Nothing comes up in the first two panels as you scrape away with a dime. But the third panel reveals one jackpot icon, then a second . . .
Oh, so close.
You almost win. It’s what is known as a “near-miss” and new research from the University of Waterloo’s Gambling Research Lab shows that almost winning at scratch tickets produces the same emotional response that problem gamblers get when they experience near-misses at the slot machines - the form of gambling most linked to gambling problems.
In the recent study, participants interpreted their near-misses with scratch tickets as highly arousing, frustrating losses and, like slot machine gamblers, they were faster to move onto the next game following a near-miss than if they had a winning outcome.
Scratch tickets like slot machines
“It’s concerning to find that something seen as harmless fun could have something lurking behind it that was similar to slot machines,” says Madison Stange, a graduate psychology student at Waterloo and lead author of, “I was that close:” Investigating Players’ Reactions to Losses, Wins, and Near-Misses on Scratch Cards.
It would not be surprising if these “near-misses in scratch cards also increase desire or urge to gamble as they do in slot machines,” the study reported in the Journal of Gambling Studies. "This is a troubling prospect considering the existing availability and relatively benign reputation of these games.”

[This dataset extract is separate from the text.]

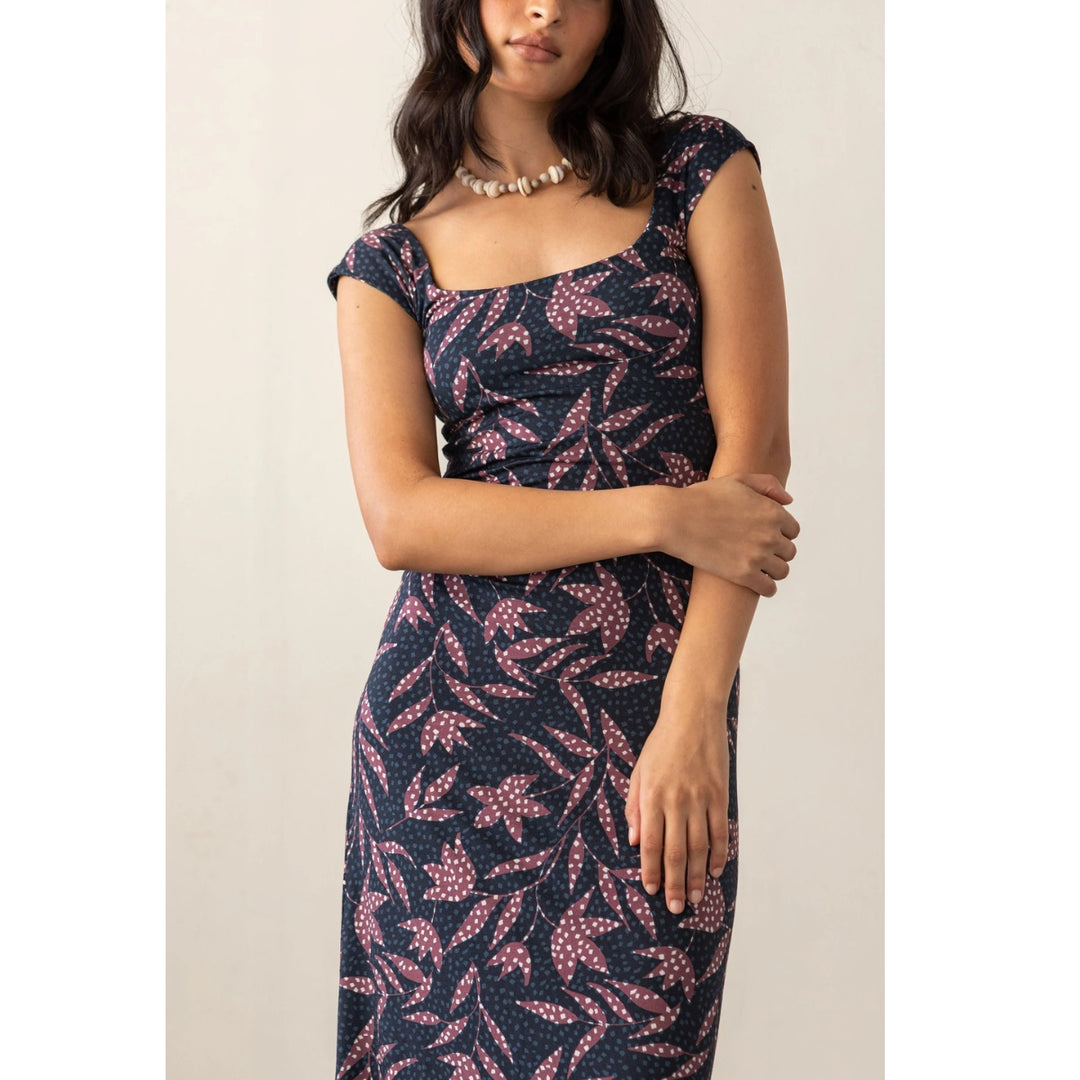 A woman wearing a navy midi dress with a pink and white leaf pattern, styled with a chunky pearl necklace against a plain beige background.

Stange’s work, under the supervision of Mike Dixon, chair of Waterloo’s Department of Psychology, and Candice Graydon, a PhD candidate, explored how people react to the near miss on a scratch-ticket. “We have all experienced that feeling,” Dixon said about playing scratch tickets. "Madison was the first to actually document it.”
Are scratch card lottery tickets suitable gifts for kids?
As with other lottery products, scratch tickets often end up as gifts parents buy for their under-18 children, the study points out. But there is a research void into whether the win-lose thrill the tickets instantly provide contributes to a problem later. It might give parents pause for thought as they reach for scratch tickets to put in their children’s Christmas stockings, Dixon said.
For the study, the research team printed scratch tickets with the look and function of real ones and then recruited 38 undergraduate students as participants. To add even more authenticity, they invited the participants to select their tickets from a display case.
The players wore electrodes on one hand as they scratched game panels with the other. The electrodes measured changes in skin conductivity, which is the amount of sweat produced in response to the excitement of winning, losing or near misses. After they played, participants also answered a survey that ranked their level of frustration with each win/loss/near-miss event.
Stange conducted the research while still an undergraduate student in psychology. “It’s really unusual — and very gratifying — to have an undergraduate student turn around an honours thesis and get it published in a peer-reviewed journal that features some of the best work on gambling out there,” Dixon said. Stange’s academic excellence also earned her an award from the psychology department.
Now a masters student, Stange plans to continue her interest in scratch tickets. “I think I’m more cautious about these things,” she said. "When people ask me about them, I have more to say.”